Physical Measurements from Discrete Fourier Transforms

In this activity, we examined the Fourier transforms of signals. The first signal used was a 1-D sinusoidal function. The sine function and its Fourier transform is shown below.

To get a Fourier transform of an image, we just need to use the 2-D form of the DFT. Since the magnitude of the Fourier transform contains most of the geometric information of the spatial domain image, it was displayed as the final image.

To accurately measure the FT of a fluorescent bulb, which flickers at around 120Hz, we need at least dt = 1/240 sec. This was obtained using the Nyquist formula, fmax = 1/(2*dt), where fmax is the maximum frequency the FT can detect without aliasing. So setting fmax = 120Hz, we get dt = 1/240 sec.
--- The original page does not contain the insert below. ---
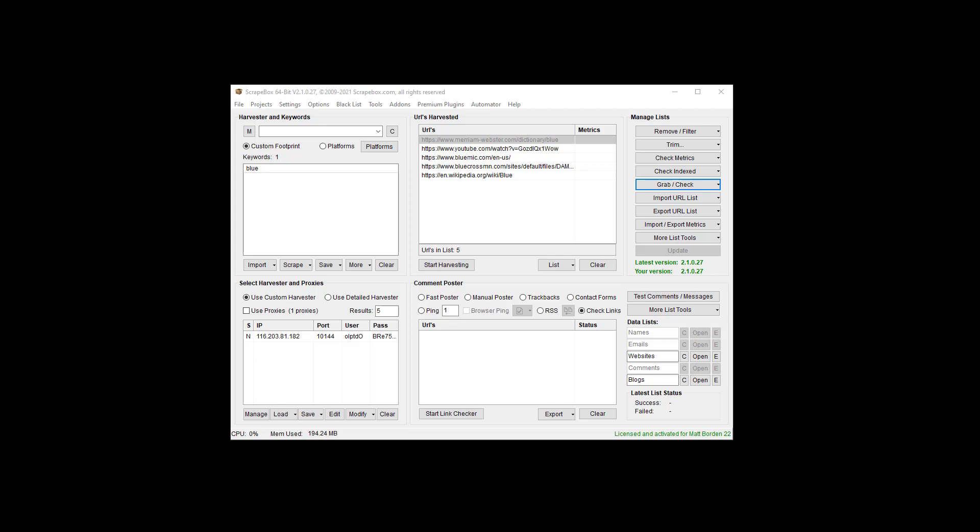Hey, Ryan Matt Borden here, aka LoopLine. Hope you're having a great day. In this video we're going to look at how to get keywords from a list of URLs.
Effects of N and dt in the frequency domain.
The discrete frequency steps (df) in the frequency domain is given by df = (2*fmax)/N. So if N is increased, the frequency domain would be much more sensitive to small frequencies and it would be more accurate since there is a smaller frequency samples.
From the plots obtained(left: N = 256, right N = 1024), it can be seen that higher N results in a more accurate(narrower) value in the frequency domain. Although both peaks at 5, which is the frequency of the signal used, with N = 256, the plot range is 4.5-5.5 while with N = 1024, it is 4.9-5.1.
Combining the Nyquist theorem with the discrete frequency equation, we get df = 1/(dt*N). So as dt approaches 0, df approaches infinity. Therefore, I expect that decreasing dt would result in a less accurate(broader) frequency plot.
The plots obtained(left: dt = 2/256, right: dt = 2/64) shows that the expected results were correct.

For this activity, I give myself a grade of 10 since I performed all of the required activities.